Feb 04, 2024Veronika Jakabb

Except for a very few days a year, it is dark when master confectioner Viola Plundrak crosses the car park in Vienna-Liesing at around four in the morning.

The first lights slowly come on in the neighbouring residential buildings and the first bright windows look like the blinking eyes of a sleepy city. On entering the factory, the 35-year-old is greeted by the warm, slightly sweet smell of yeast, as the dough for Landtmann's brioche croissants was prepared the day before and placed on the tray in the shape of a crescent moon. "With enough space, of course, so that they don't grow into giant crescents as they rise overnight," says the pastry chef. First, the yeast dough croissants are placed in one of the three ovens, each of which can hold 75 Sachertorten at a time. It's important not to dawdle too much, because at seven o'clock the three delivery vans arrive to chauffeur the fresh baked goods to Landtmann and the other family businesses.

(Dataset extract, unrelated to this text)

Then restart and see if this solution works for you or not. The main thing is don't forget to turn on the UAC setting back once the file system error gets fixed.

 Ein Tag in Landtmann's feiner Patisserie

As Vienna steadily awakens, the bakery fills with life; a total of 50 pastry chefs and apprentices are employed in the bakery. To the drone of the radio music and the hum of the machines, the focus shifts from the morning desserts to the impressive cakes and succulent pastries.

The room smells of chocolate, warm dough and the buttery vanilla flavour of the Guglhupf, 300 of which are produced every day. This pastry is only surpassed by the apple strudel, which is the most-ordered Landtmann dessert with 500 pieces.

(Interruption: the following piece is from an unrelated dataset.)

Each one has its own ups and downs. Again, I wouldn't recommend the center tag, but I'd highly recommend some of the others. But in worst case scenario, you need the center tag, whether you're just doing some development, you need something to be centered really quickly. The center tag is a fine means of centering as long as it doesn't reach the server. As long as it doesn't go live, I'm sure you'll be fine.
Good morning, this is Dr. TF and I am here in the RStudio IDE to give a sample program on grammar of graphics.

Was she very excited? Viola thinks for a moment. "Well, you always take one step at a time - and you're not alone at first." And she already knew as a child that she wanted to be a pastry chef. "We always baked at home." She has particularly fond memories of Christmas biscuits: the warmth of the kitchen in contrast to the cold winter air, the smell of vanilla sugar and spending time with her grandma. "And the nice thing is that there is always that sense of achievement when baking." That moment of amazement when you take the finished dish out of the oven, which is so completely different from the individual ingredients used to create it.

The most impressive transformation of ingredients into the end product is probably Landtmann's fine cake with its nine layers. The hazelnut sponge base is baked first, followed by alternating layers of orange marzipan and hazelnut buttercream until the cake is finished off with red marzipan. And how difficult is it not to keep snacking with so many sweet ingredients? Viola laughs.

"People always snack. But you become more selective. And more varied." But cost is also part of the job. "We change our menu twice a year." In spring and summer, the desserts are fruitier, in autumn and winter there is a focus on nuts, chocolate and chestnuts. The first ideas are discussed three months before the products appear on the menu. Once an agreement has been reached, the next step is, of course, baking trials and lots of tasting. So that it tastes right when it is served to the guests.


After 20 years, Viola Plundrak is actually experienced in the preparation of all cakes, strudels and tarts. However, the legendary Landtmann's Original Erdbeerstanitzel is particularly delicate, as each strawberry in the fruity pastry has to be placed individually. Incidentally, it was precisely this product that she prepared as a 15-year-old on her first day as an apprentice at Landtmann's Original Manufaktur.